Cuando al fin la tuvo en sus manos, Emma desgarró el sobre y leyó la respuesta de Gilmore apretando los labios para contener su indignación. ¿Cómo se atrevía aquel hombre a poner en duda su imaginación, o la ambición de sus deseos? El mensaje no exigía respuesta, pero Emma no pudo resistirse a contestarle enarbolando la misma ironía. No merecía la pena seguir malgastando la tinta de su estilográfica en discutir algo que podría rebatirle fácilmente al día siguiente, en cuanto le desvelara cuál era su deseo. Era mejor emplear el humor:

Entonces no practique ningún deporte arriesgado hasta pasado mañana, señor Gilmore.

Metió aquella nota en el sobre y se lo entregó a su doncella. Daisy se arrastró a casa de Gilmore, donde se encontró con una docena de bizcochos rellenos de confitura de arándanos. Sin dejarla reponerse de la sorpresa, Elmer le tendió la bandejita con una sonrisa afectuosa, y ella depositó el sobre en su reluciente superficie entre atontada y conmovida. ¿Cómo le había dado tiempo de ir y volver de la pastelería Grazer, que se encontraba tan lejos de allí?, se preguntó. Estaba claro que aquel joven atento y diligente tenía buenas piernas. Elmer se despidió momentáneamente de ella con una pomposa reverencia, y subió al despacho de su amo, dejándola envuelta en un nubarrón de agradecimiento que amenazaba amor.
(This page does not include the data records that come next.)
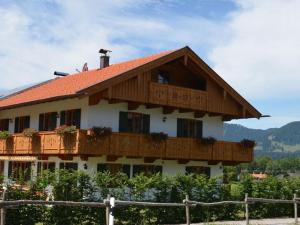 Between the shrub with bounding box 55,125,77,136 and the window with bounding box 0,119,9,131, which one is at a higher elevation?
the window with bounding box 0,119,9,131

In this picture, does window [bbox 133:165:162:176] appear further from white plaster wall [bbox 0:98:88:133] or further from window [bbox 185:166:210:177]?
white plaster wall [bbox 0:98:88:133]

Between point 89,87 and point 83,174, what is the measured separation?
23.4 feet

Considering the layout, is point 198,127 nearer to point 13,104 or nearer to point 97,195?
point 13,104

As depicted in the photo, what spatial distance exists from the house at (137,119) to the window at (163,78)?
0.06 metres

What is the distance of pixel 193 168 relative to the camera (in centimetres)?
3303

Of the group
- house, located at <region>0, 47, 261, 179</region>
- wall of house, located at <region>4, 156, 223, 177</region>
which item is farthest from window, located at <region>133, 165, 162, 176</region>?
wall of house, located at <region>4, 156, 223, 177</region>

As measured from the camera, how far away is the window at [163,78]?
104 feet

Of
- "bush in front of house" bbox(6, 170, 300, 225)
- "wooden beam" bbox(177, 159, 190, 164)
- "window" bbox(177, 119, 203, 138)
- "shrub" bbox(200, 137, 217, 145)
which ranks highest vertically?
"window" bbox(177, 119, 203, 138)

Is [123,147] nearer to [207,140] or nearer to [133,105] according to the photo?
[133,105]

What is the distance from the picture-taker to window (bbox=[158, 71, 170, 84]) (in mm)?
31770

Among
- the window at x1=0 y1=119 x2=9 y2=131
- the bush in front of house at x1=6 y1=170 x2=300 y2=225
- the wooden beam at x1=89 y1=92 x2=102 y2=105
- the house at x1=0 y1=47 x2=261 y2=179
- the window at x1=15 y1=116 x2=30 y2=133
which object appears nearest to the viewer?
the bush in front of house at x1=6 y1=170 x2=300 y2=225

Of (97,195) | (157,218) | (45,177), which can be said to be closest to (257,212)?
(157,218)

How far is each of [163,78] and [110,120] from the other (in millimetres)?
4710

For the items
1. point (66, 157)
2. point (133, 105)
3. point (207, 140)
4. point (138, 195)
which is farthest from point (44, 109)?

Al ver entrar al mayordomo, Gilmore le arrebató el sobre y lo desgarró con impaciencia. Emma había eludido la discusión a la que la invitaba la primera frase de su mensaje y, de nuevo tras la maleza de la ironía, se preocupaba ahora por su salud. Gilmore sonrió, presa de un delicioso estremecimiento. ¿Podía ser más adorable? Tomó otra tarjeta y recurrió también al humor para escribir su respuesta.

Esté tranquila, Emma, los deportes de riesgo no suponen ninguna tentación para mí, si exceptuamos su cortejo.

¡Ah, ojalá pudiera mostrar aquella ironía cara a cara!, se lamentó Gilmore.

Elmer bajó las escaleras devorando cada peldaño como una carcoma imparable y, al entregar el sobre a Daisy, se atrevió a rozarle los dedos con los suyos, lo que hizo que en el rostro de la muchacha aflorase una mueca azorada. Intentando no desmayarse por aquel inesperado trueque de calor, la doncella le agradeció el detalle de los bizcochos y, por romper el incómodo silencio que se extendió entre ambos, le mostró su sorpresa ante el hecho de que los hubiese conseguido en tan poco tiempo. Elmer se aclaró la garganta y, sin la menor pasión, como un niño que recitara a Shakespeare de memoria, respondió: «Nada de lo que usted desee es imposible de conseguir para mí, salvo que mi hermosura sea para usted más deseable de lo que es». Daisy le miró atónita, sin comprender por qué pensaba él que su atractivo debía de resultarle insuficiente. Elmer volvió a carraspear, le dio la espalda, consultó lo que llevaba escrito en la palma de la mano, se volvió de nuevo hacia ella, y con el mismo tono desapasionado, dijo: «Nada de lo que usted desee es imposible de conseguir para mí, salvo que su deseo sea ser aún más hermosa de lo que es». Daisy enrojeció de súbito, se despidió de él atolondradamente y caminó hacia la mansión donde servía levitando sobre la calzada, lamentando no conocer los arcanos de la escritura para poder expresarle al cada vez más apuesto mayordomo lo que sentía en aquel momento, sin saber que él acababa de leerlo en su mirada.